Problem to solve ->
From the data below, return only the lines from the one with "Husë SLIDE TPU" through the one with "Kadın Menekşe Kolsuz", exact and inclusive, with pictures left out.

Source data ->

——————————

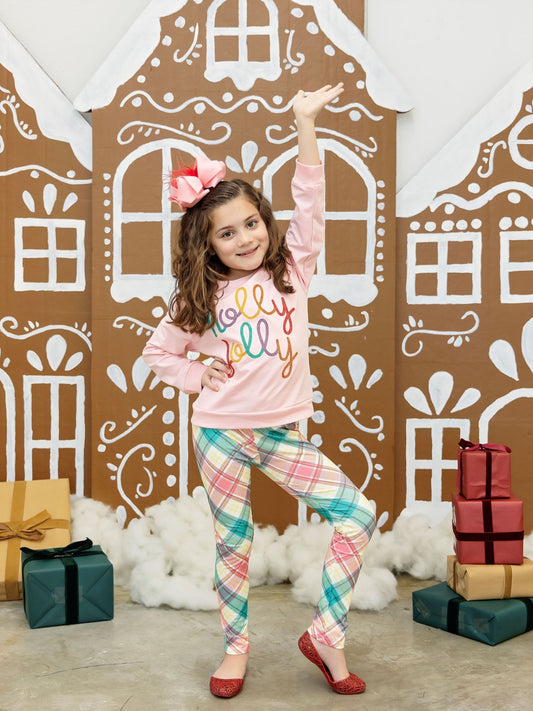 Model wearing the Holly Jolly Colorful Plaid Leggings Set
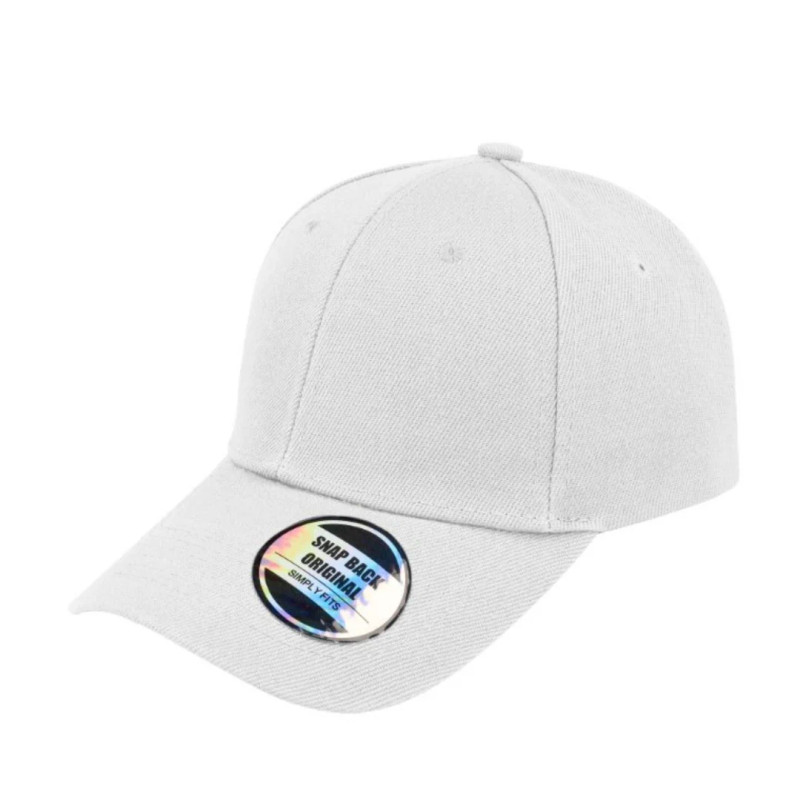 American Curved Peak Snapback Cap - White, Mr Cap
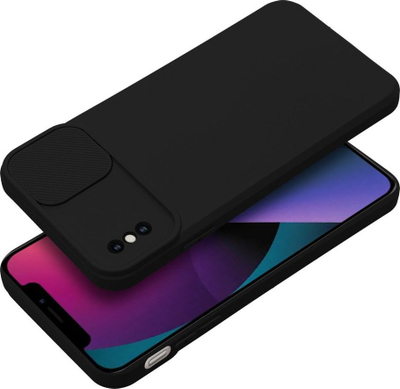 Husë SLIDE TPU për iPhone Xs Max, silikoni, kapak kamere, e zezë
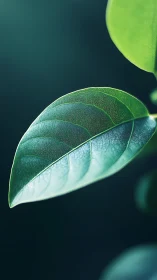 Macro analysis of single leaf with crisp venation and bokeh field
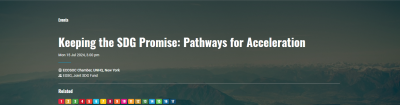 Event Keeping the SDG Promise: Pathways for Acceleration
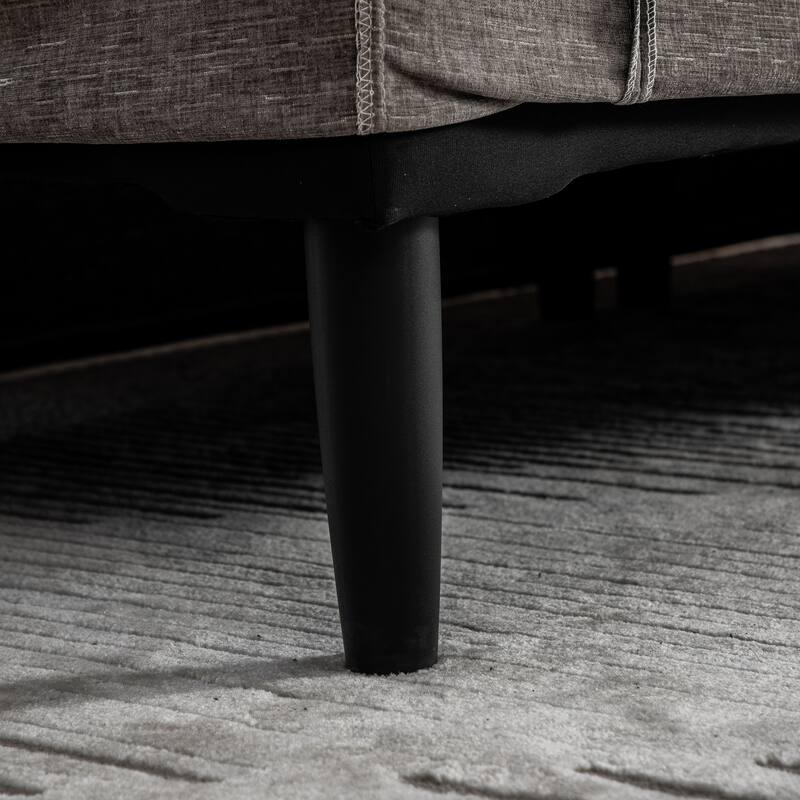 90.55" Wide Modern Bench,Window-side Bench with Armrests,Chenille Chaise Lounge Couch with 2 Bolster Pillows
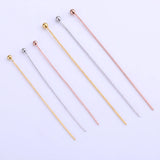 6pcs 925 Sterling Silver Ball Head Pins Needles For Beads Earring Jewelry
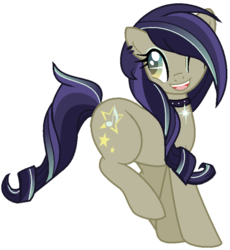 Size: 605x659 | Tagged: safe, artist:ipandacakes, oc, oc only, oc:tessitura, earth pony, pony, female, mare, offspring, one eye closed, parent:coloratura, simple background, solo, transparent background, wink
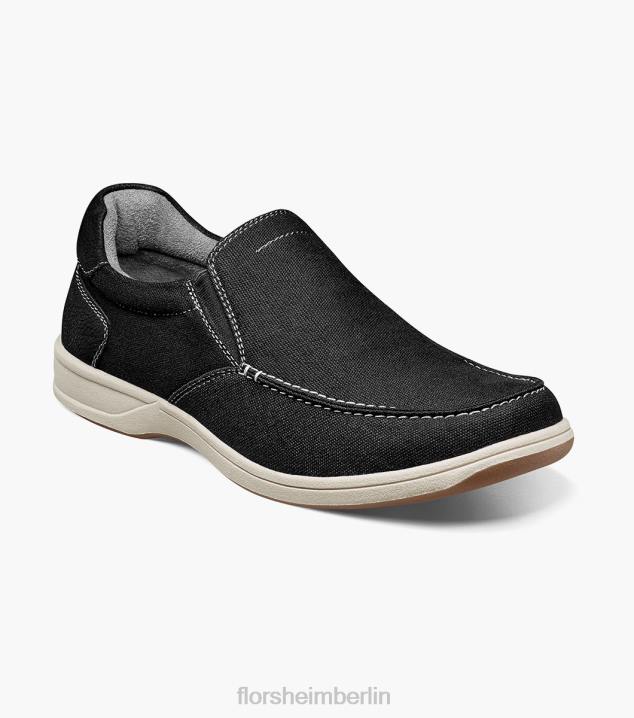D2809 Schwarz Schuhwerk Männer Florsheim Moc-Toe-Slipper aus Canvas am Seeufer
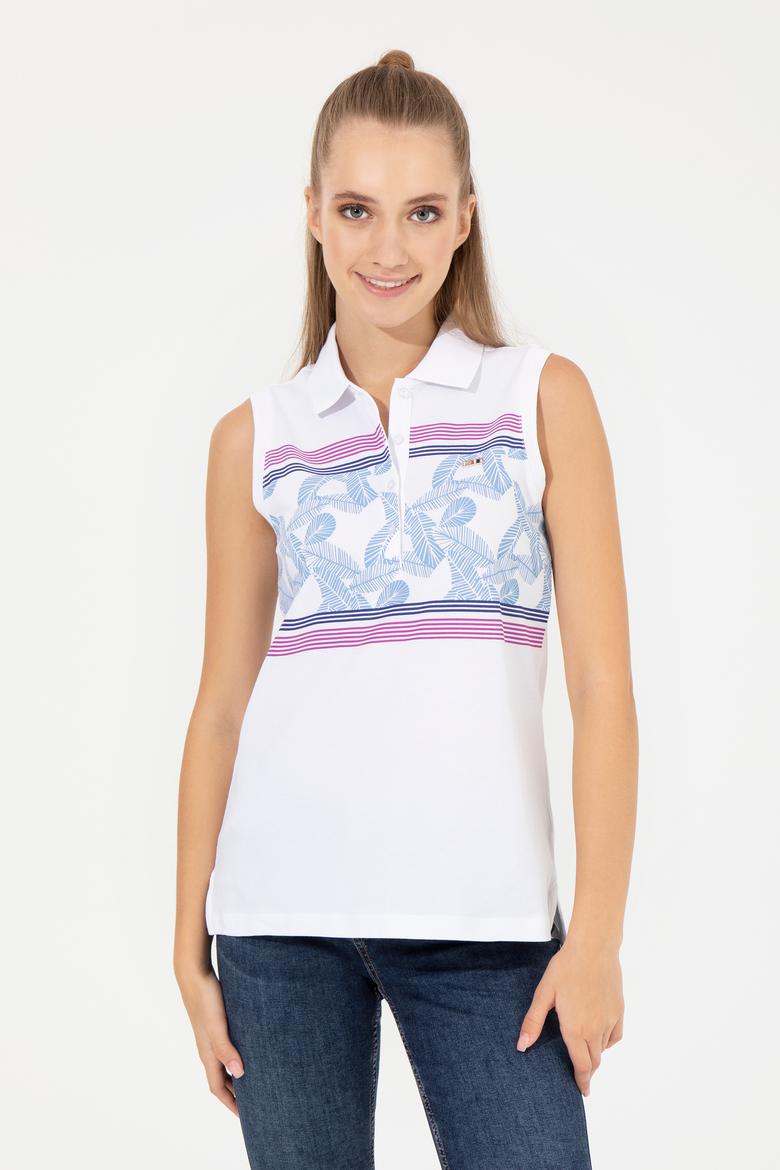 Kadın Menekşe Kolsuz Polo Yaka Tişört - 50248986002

——————————

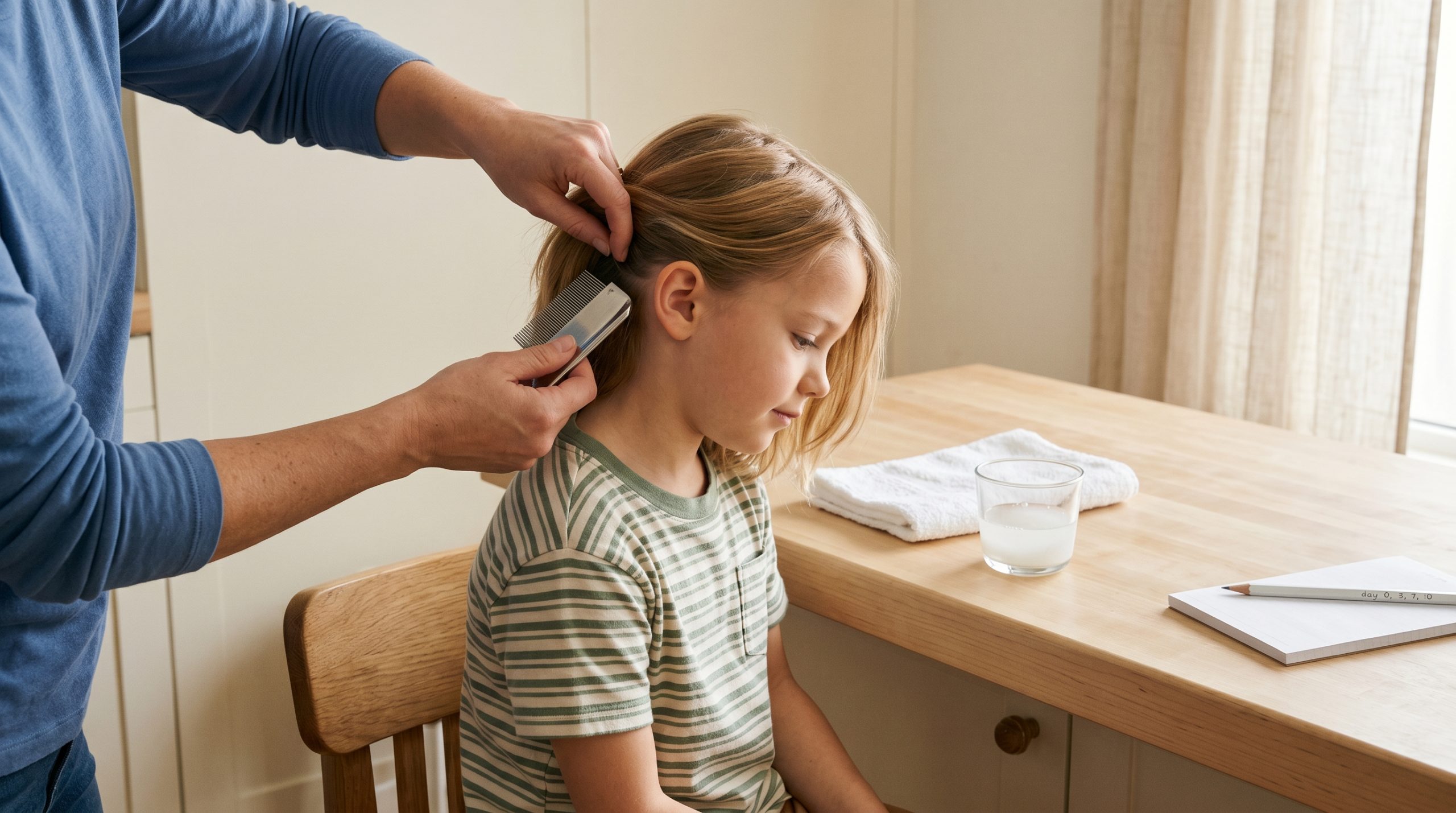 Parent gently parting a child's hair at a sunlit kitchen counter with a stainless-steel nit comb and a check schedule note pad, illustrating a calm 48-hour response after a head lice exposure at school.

——————————

Response ->
 Husë SLIDE TPU për iPhone Xs Max, silikoni, kapak kamere, e zezë
 Macro analysis of single leaf with crisp venation and bokeh field
 Event Keeping the SDG Promise: Pathways for Acceleration
 90.55" Wide Modern Bench,Window-side Bench with Armrests,Chenille Chaise Lounge Couch with 2 Bolster Pillows
 6pcs 925 Sterling Silver Ball Head Pins Needles For Beads Earring Jewelry
 Size: 605x659 | Tagged: safe, artist:ipandacakes, oc, oc only, oc:tessitura, earth pony, pony, female, mare, offspring, one eye closed, parent:coloratura, simple background, solo, transparent background, wink
D2809 Schwarz Schuhwerk Männer Florsheim Moc-Toe-Slipper aus Canvas am Seeufer
 Kadın Menekşe Kolsuz Polo Yaka Tişört - 50248986002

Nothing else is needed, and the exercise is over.